Eine wesentliche Idee war außerdem, das Problem der Kurzlebigkeit luxemburgischer Theaterproduktionen zumindest ansatzweise zu lösen. „Das Escher Theater war immer auch ein ‚théâtre d’accueil‘. Aber wir möchten halt auch etwas für die hiesige Kreation tun. Und da stellte sich die Frage nach der Nachhaltigkeit.“ Oftmals ist es in Luxemburg nämlich so, dass ganze Inszenierungen oder Theatertexte nach nur ein paar Aufführungen in einer Schublade (oder auf einer Festplatte) verschwinden.

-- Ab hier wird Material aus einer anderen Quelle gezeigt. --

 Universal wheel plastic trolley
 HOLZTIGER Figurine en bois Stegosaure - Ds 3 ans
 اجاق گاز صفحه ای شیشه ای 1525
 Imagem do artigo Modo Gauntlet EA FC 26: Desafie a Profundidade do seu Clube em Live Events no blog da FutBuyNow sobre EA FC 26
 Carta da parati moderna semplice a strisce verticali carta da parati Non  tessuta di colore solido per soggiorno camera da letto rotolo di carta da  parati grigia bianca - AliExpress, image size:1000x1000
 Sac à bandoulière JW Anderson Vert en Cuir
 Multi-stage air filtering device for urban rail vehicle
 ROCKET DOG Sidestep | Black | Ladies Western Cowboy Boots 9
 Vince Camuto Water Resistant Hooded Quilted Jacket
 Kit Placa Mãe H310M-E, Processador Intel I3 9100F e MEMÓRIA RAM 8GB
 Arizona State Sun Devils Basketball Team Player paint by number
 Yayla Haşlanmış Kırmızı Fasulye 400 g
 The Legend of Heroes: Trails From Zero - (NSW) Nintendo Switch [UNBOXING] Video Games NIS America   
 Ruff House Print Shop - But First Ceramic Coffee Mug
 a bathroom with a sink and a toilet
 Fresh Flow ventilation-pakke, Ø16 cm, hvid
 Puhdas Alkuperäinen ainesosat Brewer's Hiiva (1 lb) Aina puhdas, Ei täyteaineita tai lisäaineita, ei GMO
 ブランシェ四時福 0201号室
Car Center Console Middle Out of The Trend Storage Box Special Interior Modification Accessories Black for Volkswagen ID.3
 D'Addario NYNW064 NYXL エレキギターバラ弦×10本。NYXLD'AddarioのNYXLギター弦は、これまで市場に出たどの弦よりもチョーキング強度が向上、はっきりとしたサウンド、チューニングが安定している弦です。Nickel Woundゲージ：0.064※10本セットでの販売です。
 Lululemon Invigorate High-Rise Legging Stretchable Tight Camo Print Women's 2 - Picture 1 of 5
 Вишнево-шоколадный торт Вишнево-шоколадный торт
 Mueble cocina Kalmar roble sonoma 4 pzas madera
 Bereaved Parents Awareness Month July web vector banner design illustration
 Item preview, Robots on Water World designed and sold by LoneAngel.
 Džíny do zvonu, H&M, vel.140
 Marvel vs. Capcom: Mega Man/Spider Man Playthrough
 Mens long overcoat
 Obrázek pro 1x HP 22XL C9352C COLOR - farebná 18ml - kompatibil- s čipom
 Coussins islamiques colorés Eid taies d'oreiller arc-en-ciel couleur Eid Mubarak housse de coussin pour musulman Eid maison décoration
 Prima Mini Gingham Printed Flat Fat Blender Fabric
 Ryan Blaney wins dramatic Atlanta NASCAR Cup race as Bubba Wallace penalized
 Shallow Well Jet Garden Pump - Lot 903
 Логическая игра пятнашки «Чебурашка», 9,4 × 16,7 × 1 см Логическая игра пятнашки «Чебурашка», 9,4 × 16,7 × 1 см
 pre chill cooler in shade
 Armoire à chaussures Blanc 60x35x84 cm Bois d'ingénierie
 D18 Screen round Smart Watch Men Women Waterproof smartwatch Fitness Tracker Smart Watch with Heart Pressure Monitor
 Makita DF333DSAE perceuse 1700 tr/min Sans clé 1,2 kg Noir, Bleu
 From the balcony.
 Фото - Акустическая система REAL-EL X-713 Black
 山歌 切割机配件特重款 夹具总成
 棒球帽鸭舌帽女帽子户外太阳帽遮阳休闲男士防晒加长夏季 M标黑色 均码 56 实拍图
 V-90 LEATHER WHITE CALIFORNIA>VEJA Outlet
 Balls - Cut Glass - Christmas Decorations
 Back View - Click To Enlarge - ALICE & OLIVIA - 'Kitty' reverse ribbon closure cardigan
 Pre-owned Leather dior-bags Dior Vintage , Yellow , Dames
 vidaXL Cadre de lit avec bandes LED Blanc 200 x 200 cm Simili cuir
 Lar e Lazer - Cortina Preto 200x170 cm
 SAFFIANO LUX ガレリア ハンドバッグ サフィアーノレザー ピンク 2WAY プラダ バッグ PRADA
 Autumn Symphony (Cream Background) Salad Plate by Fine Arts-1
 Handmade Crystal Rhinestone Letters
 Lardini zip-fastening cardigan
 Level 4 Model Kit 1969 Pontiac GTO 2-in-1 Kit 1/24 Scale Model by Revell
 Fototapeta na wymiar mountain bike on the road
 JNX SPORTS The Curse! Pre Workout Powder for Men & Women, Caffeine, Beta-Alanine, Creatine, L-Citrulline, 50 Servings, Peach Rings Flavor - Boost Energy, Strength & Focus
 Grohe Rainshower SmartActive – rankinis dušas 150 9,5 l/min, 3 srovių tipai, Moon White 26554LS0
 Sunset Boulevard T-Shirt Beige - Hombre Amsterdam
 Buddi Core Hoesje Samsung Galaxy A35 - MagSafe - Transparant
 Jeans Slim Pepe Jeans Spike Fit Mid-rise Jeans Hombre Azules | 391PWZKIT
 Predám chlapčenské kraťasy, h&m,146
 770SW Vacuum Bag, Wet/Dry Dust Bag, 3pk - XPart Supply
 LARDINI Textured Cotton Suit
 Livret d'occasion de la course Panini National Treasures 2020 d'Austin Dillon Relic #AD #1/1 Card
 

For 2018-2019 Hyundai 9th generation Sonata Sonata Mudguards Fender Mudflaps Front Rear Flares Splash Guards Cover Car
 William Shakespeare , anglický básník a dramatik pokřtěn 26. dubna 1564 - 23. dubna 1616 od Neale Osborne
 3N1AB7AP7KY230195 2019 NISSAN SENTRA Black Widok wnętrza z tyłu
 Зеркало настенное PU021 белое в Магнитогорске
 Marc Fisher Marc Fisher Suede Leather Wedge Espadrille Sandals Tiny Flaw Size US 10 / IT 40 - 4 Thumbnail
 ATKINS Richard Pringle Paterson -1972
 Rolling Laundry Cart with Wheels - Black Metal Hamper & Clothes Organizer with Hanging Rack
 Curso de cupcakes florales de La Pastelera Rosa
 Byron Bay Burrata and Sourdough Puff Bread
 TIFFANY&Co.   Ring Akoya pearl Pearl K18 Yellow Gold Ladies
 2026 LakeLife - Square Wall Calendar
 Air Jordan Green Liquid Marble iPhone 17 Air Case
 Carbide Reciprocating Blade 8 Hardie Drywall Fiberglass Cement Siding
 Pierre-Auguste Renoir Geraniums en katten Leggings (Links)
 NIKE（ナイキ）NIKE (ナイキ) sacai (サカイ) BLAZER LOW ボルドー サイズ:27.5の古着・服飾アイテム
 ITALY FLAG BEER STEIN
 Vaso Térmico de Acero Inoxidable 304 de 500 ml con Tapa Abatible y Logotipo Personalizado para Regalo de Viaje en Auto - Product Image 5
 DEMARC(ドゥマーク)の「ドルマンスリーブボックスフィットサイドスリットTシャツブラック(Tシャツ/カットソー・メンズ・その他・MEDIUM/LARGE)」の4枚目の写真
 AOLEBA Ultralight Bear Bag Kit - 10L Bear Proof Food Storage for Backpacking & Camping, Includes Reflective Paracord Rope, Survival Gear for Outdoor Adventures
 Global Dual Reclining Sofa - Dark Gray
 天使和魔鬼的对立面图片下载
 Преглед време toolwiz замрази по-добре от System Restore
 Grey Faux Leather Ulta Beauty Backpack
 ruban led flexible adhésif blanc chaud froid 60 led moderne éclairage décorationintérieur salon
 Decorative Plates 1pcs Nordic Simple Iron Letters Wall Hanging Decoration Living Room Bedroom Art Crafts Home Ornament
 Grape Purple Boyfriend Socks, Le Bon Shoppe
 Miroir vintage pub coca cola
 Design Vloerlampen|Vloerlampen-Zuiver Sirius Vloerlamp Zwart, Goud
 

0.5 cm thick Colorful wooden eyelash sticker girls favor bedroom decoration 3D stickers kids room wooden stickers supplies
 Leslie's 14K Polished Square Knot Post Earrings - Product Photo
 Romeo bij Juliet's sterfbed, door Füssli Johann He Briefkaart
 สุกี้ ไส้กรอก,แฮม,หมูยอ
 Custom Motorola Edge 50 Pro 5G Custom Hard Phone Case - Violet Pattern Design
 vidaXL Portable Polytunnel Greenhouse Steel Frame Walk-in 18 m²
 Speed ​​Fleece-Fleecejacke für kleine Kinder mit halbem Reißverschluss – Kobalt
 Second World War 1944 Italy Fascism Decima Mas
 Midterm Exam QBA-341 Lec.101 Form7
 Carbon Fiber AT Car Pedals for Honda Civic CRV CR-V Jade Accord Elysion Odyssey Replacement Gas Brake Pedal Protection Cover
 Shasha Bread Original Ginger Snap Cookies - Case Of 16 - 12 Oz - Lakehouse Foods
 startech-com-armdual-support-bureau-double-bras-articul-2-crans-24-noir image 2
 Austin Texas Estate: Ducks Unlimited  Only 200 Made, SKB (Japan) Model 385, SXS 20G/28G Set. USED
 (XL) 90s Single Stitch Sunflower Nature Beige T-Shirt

„Die Idee ist es, Projekte, die bereits einige Jahre auf dem Buckel haben, wieder aufleben zu lassen – nur unter einer anderen Form. Dies ergibt sich teilweise von selbst, da der Künstler das damalige Projekt neu bearbeitet, seine Erfahrungen, die er in der Zwischenzeit gewonnen hat, mit einfließen lässt. So wird Simone Mousset ihrem Projekt „Bal“ ein zweites Leben einhauchen.“

Doch damit nicht genug: Der Monolog „Monocle“ von Stéphane Ghislain Roussel mit Luc Schiltz wird so erneut aufgeführt, das Stück soll jedoch mit Strawinskys „Geschichte vom Soldaten“ musikalisch fusionieren.

„Voir la feuille à l’envers“ soll an anderer Stelle erneut gezeigt werden

Und Renelde Pierlots immersives, vielgelobtes „Voir la feuille à l’envers“, das die Sexualität von Sträflingen, Invaliden und älteren Menschen darstellt – und das in dieser Saison nur sehr kurz aufgeführt wurde –, soll in Esch an anderer Stelle gezeigt werden – der genaue Ort soll zurzeit aber noch nicht verraten werden. Das Escher Theater wird unter Carole Lorangs Leitung dem Escher Kulturplan folgen und setzt stark auf die Zusammenarbeit mit anderen kulturellen Institutionen – da wären die Kufa (für Flamenco und Clowns), die Escher Bibliothek (für deren Hundertjahrfeier eine Ausstellung und eine „séance académique“ im Theater geplant sind), das Escher Konservatorium, aber auch erstmalig eine Partnerschaft mit der Rockhal („Scala“, ein Stück das Tanz, Zirkus und Magie verbindet) – so wird eine kulturelle Brücke zwischen Esch und Belval geschlagen.

Wie Kulturschöffe Pim Knaff am Ende der gestrigen Pressekonferenz verkündete, ist mit der Aufbesserung der Bewirtung der Theatergänger ein weiterer Schritt Richtung Öffnung geplant: Ein Tresen soll zusätzlich zu der Bar im ersten Stock errichtet werden – und die Räumlichkeiten auf dem dritten Stockwerk, die zurzeit ein Restaurant beherbergen, möchte man auch wieder für das Theater nutzen können.